Seasoned riders share their biking resolutions for 2021

Seasoned riders share their biking resolutions for 2021

Seasoned riders, novices, shop owners and club officers across the suburbs offer their 2021 goals, some specific and individual, others broad and general. All are worthy no matter what type of rider you are.

Individual goals

Common goals are distance challenges, e.g., 2021 Tour de France mileage - 2,102 - from Kevin Keehn of Palatine, who also suggests, "riding my age in miles on my birthday."

Centuries - single-day 100-milers - are respectable targets that several mention. Peter and Tracy Flucke, co-authors of "Coast to Coast on a Tandem," add special twists to century goals. Hers is to ride a century on a tandem, plus a second on her road bike. His is to finish a single-day double century.

Annual mileage goals submitted include 3,500, 5,000-plus (Sheri Rosenbaum, Buffalo Grove) and 5,800 miles. Bob Thomson, St. Charles, owns the latter, his eighth year exceeding the prior year's mileage.

Bill Kragh, Arlington Heights Bike Club, plans "to average 10 miles a day to keep the doctor away ... 3,650 miles for the seventh straight year."

My riding goal combines distance and elevation, i.e., steeper routes - 10% more climbing feet per mile, while adding 7% to 2020's mileage (5,200). A ride-logging app, recording distance and elevation, will keep me on track.

Adopting a tracking tool is a goal some newbies noted. An odometer or a phone app definitely keeps you honest. While it felt like 20 miles, knowing your ride was only 10 can be a jarring, yet motivating, reality check.

Other individual goals include riding for a set time. For Sue Montgomery, Bike Palatine Club secretary, 30 minutes daily from March through September, weather permitting, is her goal, plus "taking my bike to LOTS of places I haven't often or ever ridden!"

Allison Albrecht, Schaumburg director of communications and outreach, shares that one. Besides "increasing my mileage, I have a goal to bike in Busse Woods this summer. To be able to bike there, explore trails, and have enough energy to bike home!"

Patrick Knapp, village of Schaumburg transportation planner "wants to ensure we get out for a family bike ride at least once weekly during the summer. I also want to work on replacing short car trips with bike trips when possible."

Ride Illinois Executive Director Dave Simmons echoes that idea. "I will increase the number of trips I take by bike. Someday soon, I hope to be car free!"

Besides completing two centuries, Tom Southall of Arlington Heights plans to "use my bike instead of my car for as many errands as possible."

Bike parking at a breakfast stop on the 2019 RAGBRAI. Courtesy of Ralph Banasiak

Thinking big, Tom Lucas of Hoffman Estates is penciling in RAGBRAI, assuming the weeklong Iowa bike tour is a go this July. Armaline Mirretti, Elmhurst Bike Club advocacy co-chair, aspires "to begin the Rails to Trails Ride Across America with another club member ... and to do it in pieces. It will take us a few years to complete."

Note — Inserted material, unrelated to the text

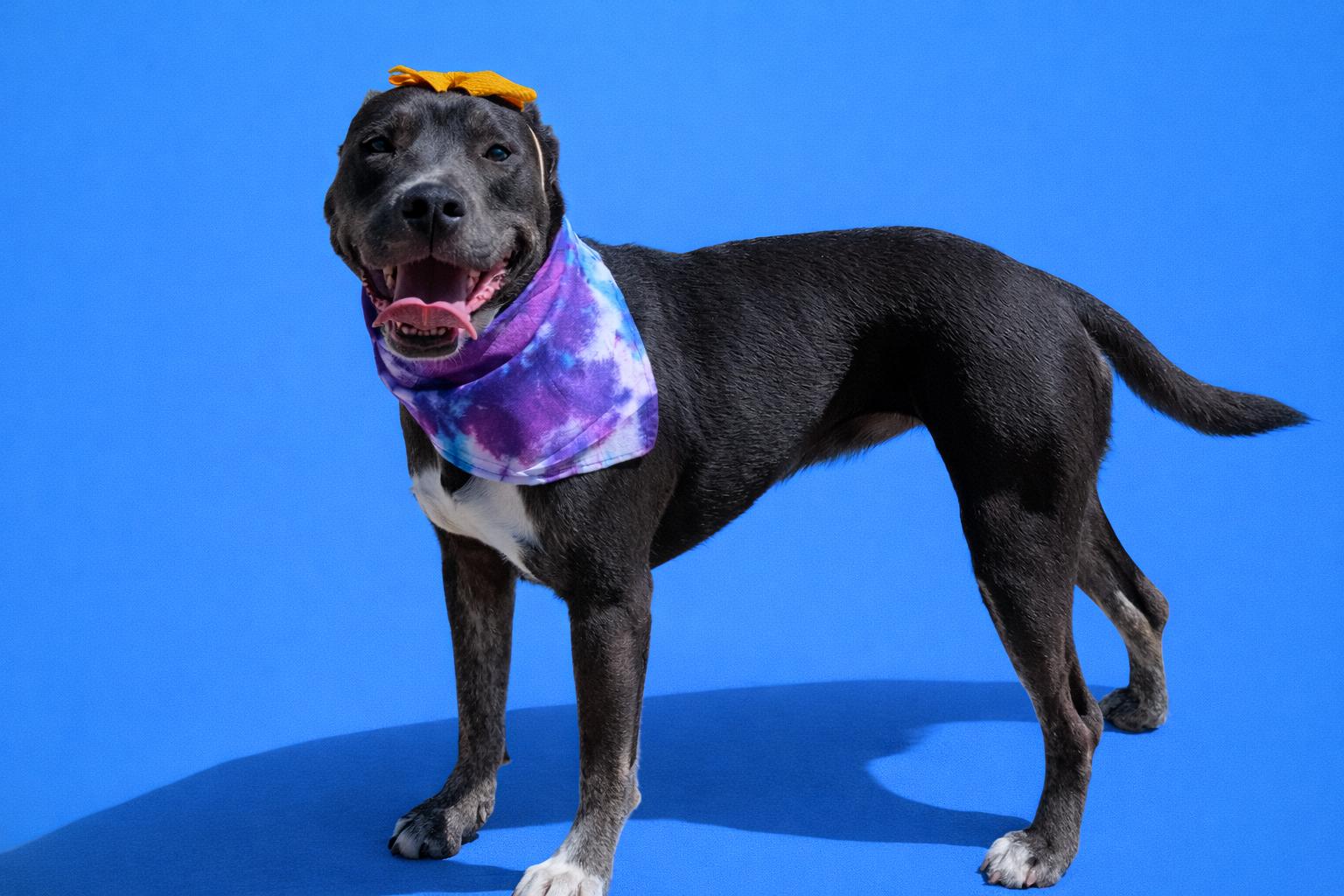 Enlarge Jess, a Adoptable mixed breed in bowling green, KY image 3/5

Berton Travis, originator of the "Start Seeing Bicycles" lawn signs, hopes to cycle the roughly 270-mile, four-day Tour de Force. This ride out of New York City, originating after 9/11, fundraises for families of law enforcement officers killed in the line of duty nationwide.

Broader goals

The Illinois I & M Canal State Trail, part of the Rails to Trails Ride Across America. Courtesy of Great American Rail Trail

Why not join a bike club? For novice riders expanding their experience, local bike clubs offer scheduled outings with veteran bikers offering useful tips along the route.

Rob Weiss, Joliet Bicycle Club, notes, "Our goal is always to be accident-free and make our smiles match our miles."

For its annual July ride, his goal is 750 participants.

Wayne Mikes, president of the Bike Palatine Club, hopes to host an after-school ride for students and families, and encourage a local school to introduce the Bike Safety Quiz.

Regarding advocacy, Sheri Rosenbaum, TrekHP Women's Advocate program (Highland Park), seeks to "bring more diversity to cycling" and to "grow my women's cycling group, encouraging them to get out of their comfort zones."

Ginger Wheeler, who is on the East Branch DuPage River Trail Leaders Committee, hopes to collect 10,000 petition signatures at to demonstrate public support for a new bike trail through DuPage County.

Dave Simmons of Ride Illinois wants to connect with Illinois cyclists of all types and "to change the perception of cycling from a sport enjoyed by Lycra-clad individuals and weekend warriors to everyday, practical transportation."